To install MIC:
git clone https://github.com/keiserlab/metric-ion-classification.git
cd metric-ion-classification
conda env create --name mic-env -f mic-env.yml
conda activate mic-env
pip install .
Installation may take some time, especially regarding conda dependency solving. We strongly recommend using an updated conda with conda-libmamba-solver, in which case installation should take a few minutes.
If you encounter issues intalling LUNA, see https://github.com/keiserlab/LUNA installation instructions.
The dependencies for MIC are listed in mic-env.yml, reproduced here:
- rdkit
- seaborn
- openbabel
- pip
- pymol-open-source
- xopen
- colorlog
- networkx
- scipy
- pytorch
- cpuonly
- numpy=1.21.6
- biopython==1.72
- mmh3==2.5.1
- pdbecif
- joblib
- tqdm
- scikit-learn
- simplejson
- MIC has been successfully installed and tested on Ubuntu 18.04, 20.04, and 22.04, Mac OS Monterey through Sonoma, and on a Windows machine running Ubuntu through WSL.
- MIC ChimeraX bundle requires Microsoft Visual C++ 14.0 or greater (see this link for instructions on how download the latest version)
To run:
mic_predict -o <outfile> -e <path/to/entry_file>[optional] </path/to/pdb_file>
Inputs
- pdb_file / pdb_dir : path to either 1) a single PDB file in the case of running one 1 file or 2) a directory containing multuple PDB files, used with --entries flag
Options:
- -e/--entries: Run individual examples from a single file or multiple PDB files. See below.
- -n/--num_processes: Number of concurrent processes to use for FP generation - default 8
- -o/--outfile: CSV created to store generated fingerprints or MIC predictions. If not provided, output is displayed in the terminal.
- -p/--preds_only: Only output predictions, not full probabilities from SVC.

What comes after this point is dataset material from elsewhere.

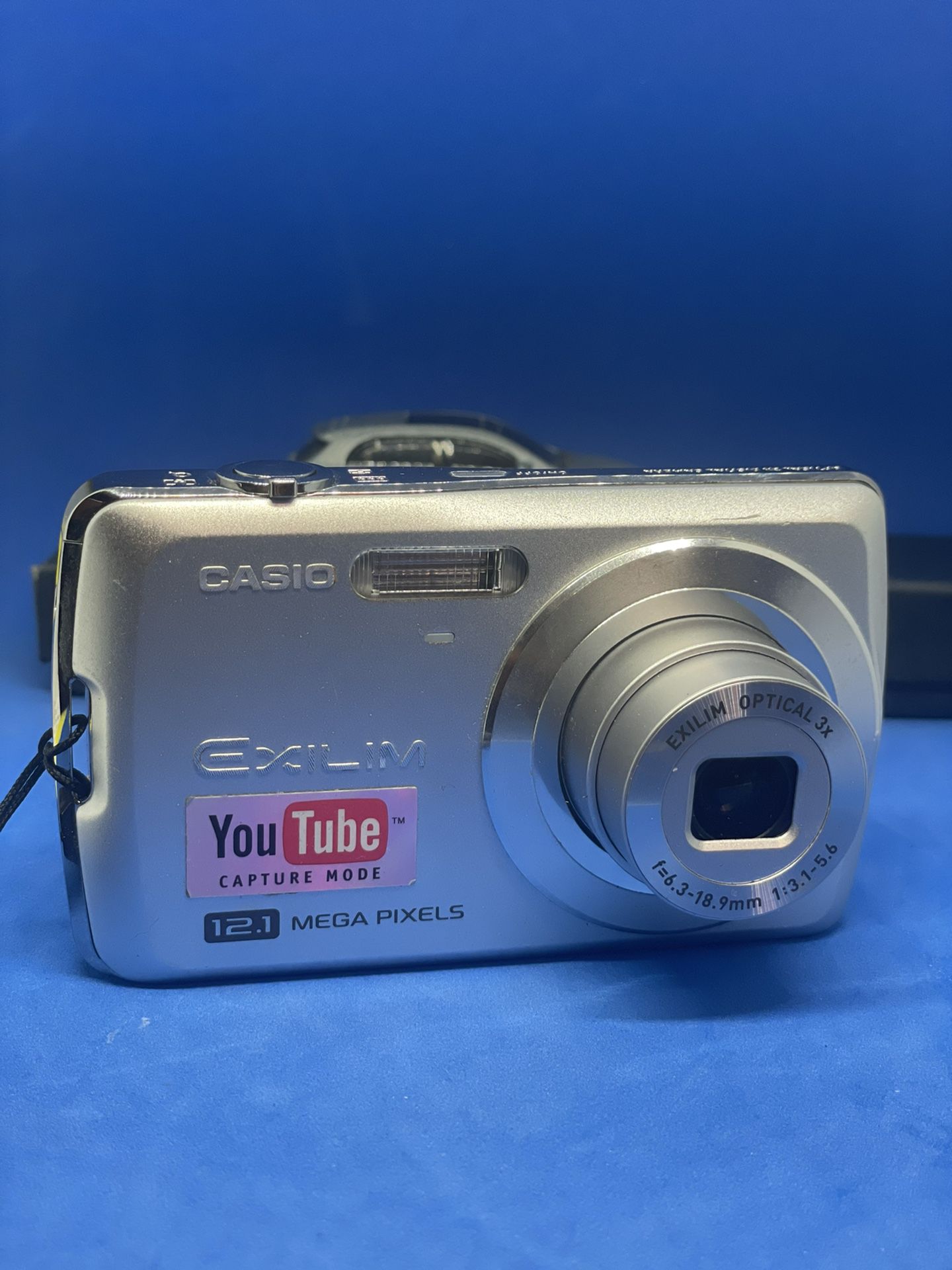 teleurstellen haakje Ass Casio Exilim EX-Z35 12.1MP 3x Zoom Digital Vintage Camera for Sale in  Hawthorne, CA - OfferUp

- -ext/--extended_set: Generate predictions for the extended set of labels (K, Mn,Iod,Fe,Br)
- -het/--hetatm: Use MIC-HETATMC model
- -cpu/--cpu_only: Ignore available GPUs and generate all predictions on CPU.
- -co/--symexp_cutoff: Radius in angstroms around densities kept following symmetry expansion. If running a single PDB file, it is recommended to use 7 for X-ray crystallography or -1 for Cryo-EM structures. Only use other values if you are planning on training a new model - default 7
The following options are NOT recommended to change from their defaults, unless intending to train a new model. Do not change these if running predictions alone.

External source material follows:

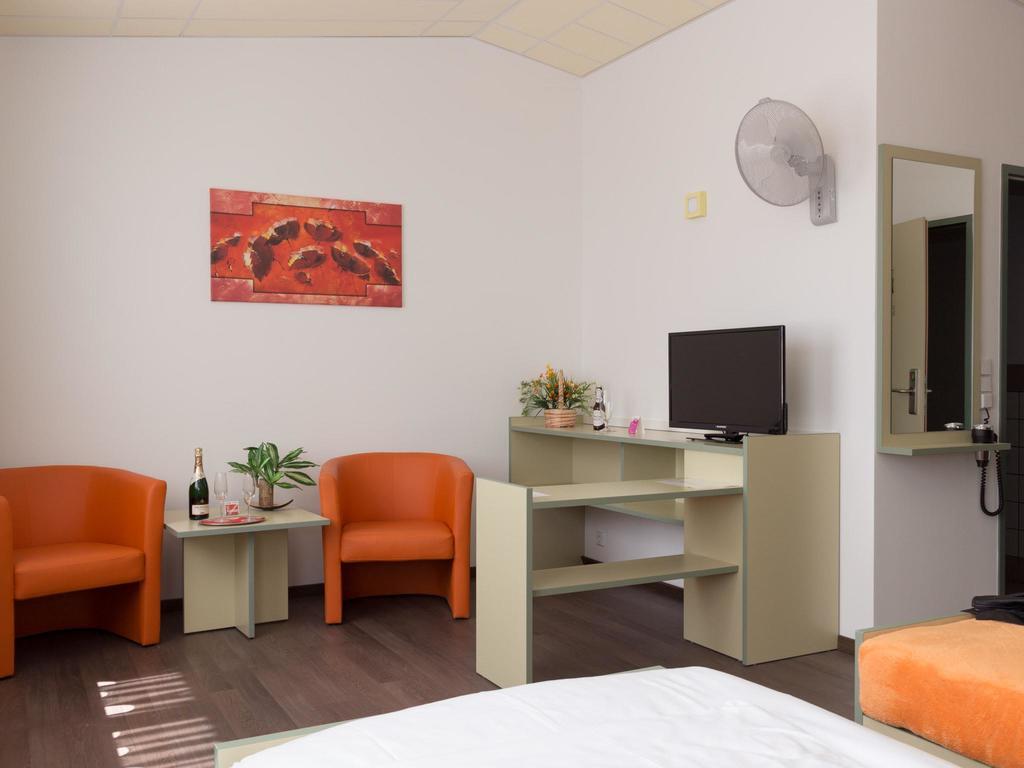 Winrooms "Hotel&Appartement" Wiener Neustadt Eksteriør billede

- -t/--fp_type: Type of fingerprint to generate and use, options are ['prune-eifp']
- -l/--length: length of the fingerprint vector to be generated - default 4096
- -sn/--shell_number: number of shells to use during fingerprint generation - default 18
- -sr/--shell_radius: shell radius to use during fingerprint generation - default 0.25
- -ub/--unblinded: flag to not zero the invariants of spherical densities
- -b/--bit: whether to generate count fingerprints or bit fingerprints - default is count
Entries are used to generate predictions for specific densities within a single PDB file or across multiple PDB files in one MIC run. To run with entries, the first argument to mic_predict should be a path to the directory containing all pdb files, while the entries argument should be a csv in the format 'pdb_id,chain,name,res_number,skip_symexpansion (must be on for Cryo-EM structures)':
4OKE,A,MG,202,
3A09,A,CA,601,
4L9P,B,ZN,601,
7aue,R,CA,501,X
7f53,R,CA,601,X
7f55,R,CA,601,X
7f54,R,CA,601,X
7f58,R,CA,602,X
7piu,R,CA,401,X
7piv,R,CA,401,X
To confirm correct installation:
pip install pytest
python -m pytest
The tests may take a 5-10 minutes to run.
The ChimeraX MIC bundle is available from ChimeraX toolshed. All code can be found in this repository under the 'chimerax' branch.
If you use this software, please cite our preprint.